The Most Dangerous Breed

August 7, 2019

Danger sign in : beware of the dog - naughty dog - guard dogA man and his German shepherd were alone in the dog park one early morning when another man with three dogs appeared. The three were overly aroused and snarking at each other in the airlock. As soon as the group entered the park, the shepherd ran up to them. The largest of the three, a malinois, immediately attacked the shepherd. It was noisy. It was horrific. It was terrible to see. Fortunately, the shepherd’s owner had the wisdom to pull the attacker away, rather than grabbing his own dog. The malinois’ owner then restrained his dog by the handle on the dog’s body harness. I shouted at the shepherd’s owner to grab his dog as well. Instead, he called his dog to him. The shepherd did not listen, and began walking back toward the malinois. Once again, I urged the man to get his dog on a leash. Instead, he called the shepherd to him. Again, the dog did not listen and this time, he approached the malinois, who pulled free of his owner and once again attacked the shepherd. This time the malinois’ two housemate dogs joined in. Now there were three dogs attacking the poor shepherd, who is not a dog that fights back.
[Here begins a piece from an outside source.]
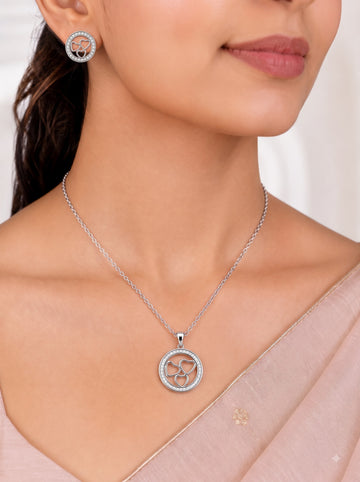 💞 Triple Heart Sparkle Pendant & Earrings Set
Between the two men, they got the dogs separated and away from each other, although both parties remained in the park. The shepherd was limping badly, not able to put any weight at all on one of his back legs. Since my dogs and I were in the empty, enclosed small dog side of the park, I left my dogs to walk over and see if I could help. By this time the shepherd was on the ground, lying on his side. A few people I normally encounter during weekday morning walks were passing by. I stopped them and asked the owner of a Lab if he could stand by in case the shepherd needed to be carried back to his car. Instead, the Lab owner walked into the park to inspect the shepherd himself. While he was examining the dog, I told the shepherd’s owner the dog should be taken to a vet. But the Lab owner stood up and pronounced, “He’s fine. He doesn’t need to be taken in.” Good thing this man’s a veterinarian. Oh wait, he’s not. (He is, however, the same man who once, upon hearing that my dogs were on leash in a high-brush, rattlesnake-infested area because I was concerned about rattlesnakes, said, “You worry too much.” Yep, that’s me.) The shepherd was finally standing again and as he left, his owner called to the man with the three dogs that he’d see him the next day. These men are normally both in the dog park on the weekends at the same time, and although this is the second time their dogs have fought, they planned to allow them back together again the very next day. What could go wrong?
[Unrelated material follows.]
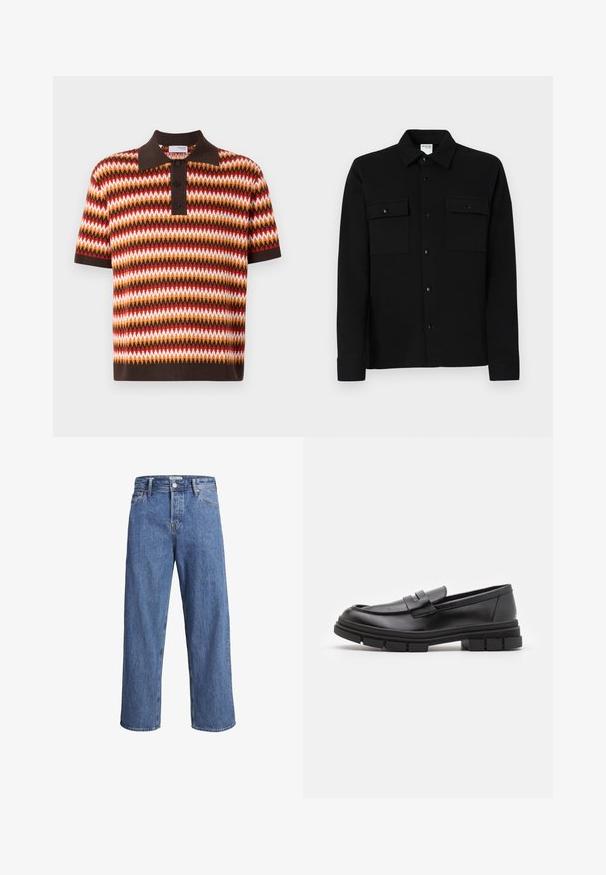 Polo majica s kratkimi rokavi in ovratnikom v cik-cak vzorcu z rdečo, oranžno, rjavo in belo barvo; vsebuje tri gumbe in kontrastni ovratnik.; Črna srajca s poletnim zapenjanjem iz gladkega materiala, ki ima dve žepu na prsih, ovratnik s točko in zapenjanje na manšetah. Enostaven dizajn z minimalnimi detajli.; Svijetloplave traperice s ravnim nogavicama, visokim strukom i minimalnim detaljima šivanja. Tkanina ima mekan, blago izblijedjeli izgled.; Črne usnjene loafersice z gladkim zaključkom, ki imajo sprednji trak in debel gumijast podplat z utori.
Have I mentioned that this same malinois has attacked at least four other dogs that I know of? It’s true that he does get along with many dogs, but then…well, there are some he just doesn’t. Interestingly, I was chatting recently with the woman who cuts my hair when something about this man and his dogs came up. She said, “Oh, I know him! His malinois attacked my puppy!” According to her, this very same dog had attacked her six-month-old labradoodle to the point that the mal had the pup’s entire head in his mouth. When it happened, she said, the man had sauntered over and in a baby voice said, “Oh look, he’s playing with the puppy.” Seriously.

You might be wondering if I’m going to say malinois are the most dangerous breed. I’m not. They’re certainly serious, driven dogs, but they are not the most dangerous. Nor are German shepherds. The most dangerous breed is, hands down, the Irresponsible Owner. If you run into one, you can certainly attempt to reason with them, and I give you kudos for trying. But don’t be surprised if it doesn’t work. This particularly breed is unlikely to be swayed by logic or even experience. Often seen allowing their dogs to participate in unsafe activities, members of this breed may also appear to have gone completely deaf and blind in instances where their dogs are bullying others. They’re also the ones yelling, “He’s friendly!” after you shout to please call the dog, who is off-leash and making a beeline for your own dogs. In a perfect world, members of this breed would walk around wearing shirts that say, “Don’t worry, it will all be fine!” so they could be instantly identified. If you encounter this dangerous breed, beware! The best course of action is to avoid, avoid, avoid, and do whatever you need to in order to keep your own dogs safe.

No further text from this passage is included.